In my position as founder of the Virtual Assistance Chamber of Commerce, I see lots of new people wanting to enter the profession.
I also see a lot of misunderstanding about what it is to be a Virtual Assistant and run a professional service business.
One common misconception is that we are telecommuters, or freelancers.
Another is that newbies, not knowing how to market, will try to market and run what is a solo/micropreneur business as a secretarial service. Doesn’t work, and they often don’t understand the distinction.
New Virtual Assistants who operate under those misunderstandings will lots of times think that the value they are trying to sell is that they are “instant” assistants or work “after-hours” or “24 hours a day.”
And maybe that is the only value they understand.

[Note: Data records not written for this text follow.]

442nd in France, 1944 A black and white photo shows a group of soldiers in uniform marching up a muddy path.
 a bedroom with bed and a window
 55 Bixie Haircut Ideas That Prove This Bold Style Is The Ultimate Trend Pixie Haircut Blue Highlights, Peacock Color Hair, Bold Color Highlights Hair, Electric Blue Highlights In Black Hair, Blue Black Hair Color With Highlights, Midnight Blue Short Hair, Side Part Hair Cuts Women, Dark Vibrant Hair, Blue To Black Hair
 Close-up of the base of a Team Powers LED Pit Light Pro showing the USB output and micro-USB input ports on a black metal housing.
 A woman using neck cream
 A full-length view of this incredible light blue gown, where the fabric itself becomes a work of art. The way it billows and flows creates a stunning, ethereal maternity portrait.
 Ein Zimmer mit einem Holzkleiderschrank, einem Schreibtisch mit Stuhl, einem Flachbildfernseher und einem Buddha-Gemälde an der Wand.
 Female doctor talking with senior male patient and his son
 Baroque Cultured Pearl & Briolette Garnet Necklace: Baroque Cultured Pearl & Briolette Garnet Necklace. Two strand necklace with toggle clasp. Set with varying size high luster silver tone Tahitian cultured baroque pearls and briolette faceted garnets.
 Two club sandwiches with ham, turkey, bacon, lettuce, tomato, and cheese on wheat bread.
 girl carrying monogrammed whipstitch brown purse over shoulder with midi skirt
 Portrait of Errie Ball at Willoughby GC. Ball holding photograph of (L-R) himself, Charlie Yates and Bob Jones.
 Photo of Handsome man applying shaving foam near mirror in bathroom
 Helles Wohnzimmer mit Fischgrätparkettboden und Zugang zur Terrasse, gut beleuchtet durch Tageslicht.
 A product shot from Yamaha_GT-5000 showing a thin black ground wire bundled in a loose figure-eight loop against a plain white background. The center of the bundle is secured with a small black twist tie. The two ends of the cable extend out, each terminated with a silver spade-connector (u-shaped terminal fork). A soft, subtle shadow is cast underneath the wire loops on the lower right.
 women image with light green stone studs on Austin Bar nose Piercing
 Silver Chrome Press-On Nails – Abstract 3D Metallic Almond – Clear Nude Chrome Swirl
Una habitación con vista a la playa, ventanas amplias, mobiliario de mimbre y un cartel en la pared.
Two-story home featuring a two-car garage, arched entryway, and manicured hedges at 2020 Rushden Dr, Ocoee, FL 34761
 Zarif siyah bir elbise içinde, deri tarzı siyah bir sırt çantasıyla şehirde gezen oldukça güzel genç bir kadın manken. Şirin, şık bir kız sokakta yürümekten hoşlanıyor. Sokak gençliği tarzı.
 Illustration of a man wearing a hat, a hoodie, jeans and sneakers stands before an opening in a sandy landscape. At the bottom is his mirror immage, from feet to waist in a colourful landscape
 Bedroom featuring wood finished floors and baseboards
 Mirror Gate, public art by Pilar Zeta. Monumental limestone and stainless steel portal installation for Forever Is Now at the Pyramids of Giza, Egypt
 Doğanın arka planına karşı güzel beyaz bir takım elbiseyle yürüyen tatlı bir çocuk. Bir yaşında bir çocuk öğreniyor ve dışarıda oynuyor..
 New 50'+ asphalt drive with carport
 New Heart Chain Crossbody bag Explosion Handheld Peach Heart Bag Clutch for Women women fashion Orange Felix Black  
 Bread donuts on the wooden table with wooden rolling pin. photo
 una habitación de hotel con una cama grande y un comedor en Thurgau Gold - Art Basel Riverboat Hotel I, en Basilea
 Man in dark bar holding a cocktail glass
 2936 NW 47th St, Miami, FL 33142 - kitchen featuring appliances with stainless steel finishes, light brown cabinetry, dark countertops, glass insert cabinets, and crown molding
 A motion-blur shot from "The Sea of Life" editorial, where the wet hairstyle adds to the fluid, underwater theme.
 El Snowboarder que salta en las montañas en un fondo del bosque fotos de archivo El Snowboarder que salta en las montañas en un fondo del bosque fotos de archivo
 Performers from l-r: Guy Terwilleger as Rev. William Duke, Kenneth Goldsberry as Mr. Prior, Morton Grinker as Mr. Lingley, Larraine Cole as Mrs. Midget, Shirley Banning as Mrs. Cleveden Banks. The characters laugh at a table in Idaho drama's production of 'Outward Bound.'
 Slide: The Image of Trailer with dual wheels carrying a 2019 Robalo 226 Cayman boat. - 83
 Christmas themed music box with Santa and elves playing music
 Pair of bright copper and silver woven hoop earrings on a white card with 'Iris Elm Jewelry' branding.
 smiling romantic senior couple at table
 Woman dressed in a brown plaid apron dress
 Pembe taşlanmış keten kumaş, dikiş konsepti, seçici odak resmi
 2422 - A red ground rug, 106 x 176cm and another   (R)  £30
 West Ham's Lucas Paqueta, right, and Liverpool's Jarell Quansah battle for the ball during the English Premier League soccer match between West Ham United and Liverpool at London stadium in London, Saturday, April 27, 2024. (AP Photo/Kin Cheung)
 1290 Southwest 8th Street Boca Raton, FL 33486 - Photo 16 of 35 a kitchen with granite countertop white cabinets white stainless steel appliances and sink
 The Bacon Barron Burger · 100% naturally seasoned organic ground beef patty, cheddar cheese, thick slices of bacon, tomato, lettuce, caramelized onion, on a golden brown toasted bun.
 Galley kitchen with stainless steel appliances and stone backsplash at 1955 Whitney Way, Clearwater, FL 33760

But it’s not the Virtual Assistance value/brand proposition.
What I think goes on in their minds is that they haven’t thought the process through enough to realize they are creating expectations by sheer virtue of the words they choose in their name.
Do they really want to work 24 hours a day?
Are they really sitting at the end of a phone just waiting for that one client to call with their emergency so they can drop everything else they are doing, other clients be damned?
When they envision what their business would look like as a full practice, they start to realize, “Hey, I can’t run a solo business like that!”
They realize that everything they do and say in their business creates expectations in prospective clients.
They realize that the expectations and standards they create need to be in alignment with the way they want/need to operate their business and are able to deliver–consistently, to each and every client.
They realize that in order to sustain a productive, profitable, efficient Virtual Assistant practice, they have to take their own personal and business needs, expectations and limitations into account.
As a Virtual Assistant, you aren’t McDonalds, and you’ll never be able to sustain the kind of pace that creating the expectation of “on-demand” and “24 hour” service entails.
(Unless you want to be a secretarial service. Which will require far more resources and labor than just one person alone can deliver. Which is also not what most people in this industry went into Virtual Assistant business to do.)
No, all it does is reduce the perceived value of your services, and serves to foster disrespect for both you and the work, and creates demanding, unappreciative clients who will also expect you to work cheaply.
Your value–and true customer service–lies in creative, intelligent, skilled administrative expertise delivered at a controlled (not emergency) pace with intentional standards set in place.
Excellent service doesn’t require you to beat the clock or work yourself into the ground. And a resentful, burnt-out Virtual Assistant who ends up avoiding clients isn’t any help to anyone.